A Constituição da República de Moçambique estabelece com clareza, no eu artigo 12, que o Estado é laico, mas defensor da dignidade humana. Permitir que cidadãos sejam sacrificados em rituais clandestinos, que escolas sejam contaminadas por práticas ocultas, e que o poder público se transforme em refém do misticismo, é não apenas um fracasso institucional — é uma traição constitucional.

Ao calar-se, o Estado torna-se cúmplice. Ao não investigar, legitima. Ao não agir, abdica. Gaza tornou-se um espelho obscuro do que acontece quando o Estado recua e entrega à superstição o lugar da razão. O que esse jovem zione está a fazer, ainda que envolto em controvérsias, é uma denúncia viva da ausência de autoridade. É o reflexo directo de um Estado que já não impõe ordem, não protege os vulneráveis e não combate os que comercializam a morte. Quando curandeiros se exibem nas redes sociais – atraindo jovens – supostamente para alcançarem riqueza fácil, porém, efémera, significa que algo não está bem no País.

É urgente romper com esse ciclo. É urgente que se convoque uma resposta firme, institucional e integrada. O Ministério da Educação precisa de lançar uma investigação urgente sobre o impacto dessas práticas nas escolas. O Ministério da Justiça deve, em coordenação com os órgãos policiais, desmantelar redes de curandeiros que operam como máfias. A Assembleia da República não pode mais ignorar este fenómeno: é necessário debater seriamente mecanismos legais para criminalizar práticas que atentem contra a vida humana sob o disfarce de “tradição”. O silêncio deixou de ser neutro — tornou-se criminoso.

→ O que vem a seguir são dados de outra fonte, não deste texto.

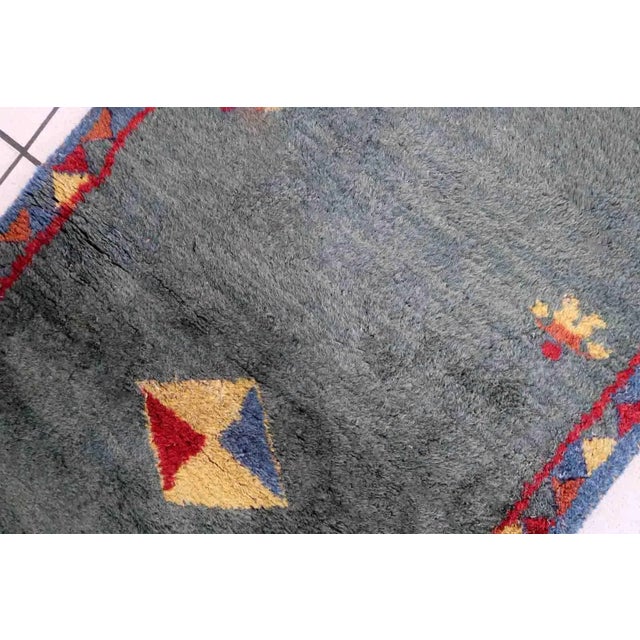 Green 1970s Handmade Vintage Persian Gabbeh Rug 2.4' X 4.5' For Sale - Image 8 of 10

Nota: Os curandeiros dos demais distritos da Província de Gaza estão em estado de alerta. Corre a informação de que o jovem Mazione tem planos ambiciosos: pretende desmascarar e confrontar todos eles, um por um. Depois de sua passagem por Chigubo, onde já causou alvoroço, rumores indicam que seu próximo destino será Chókwe, seguido por Macia e, posteriormente, Xai-Xai. Esses locais são, frequentemente, mencionados em conversas populares como centros de um fenômeno intrigante: jovens que enriquecem de forma repentina e misteriosa, muitas vezes sem que se saiba a origem dos seus bens. Paralelamente, há um crescente protagonismo de curandeiros locais, que se promovem em programas de televisão e redes sociais, exibindo supostos poderes e promessas de sucesso rápido. Diante desse cenário, a chegada de Zione promete abalar estruturas e expor verdades que muitos prefeririam manter ocultas. Há aqui muita matéria para antropólogos e sociólogos.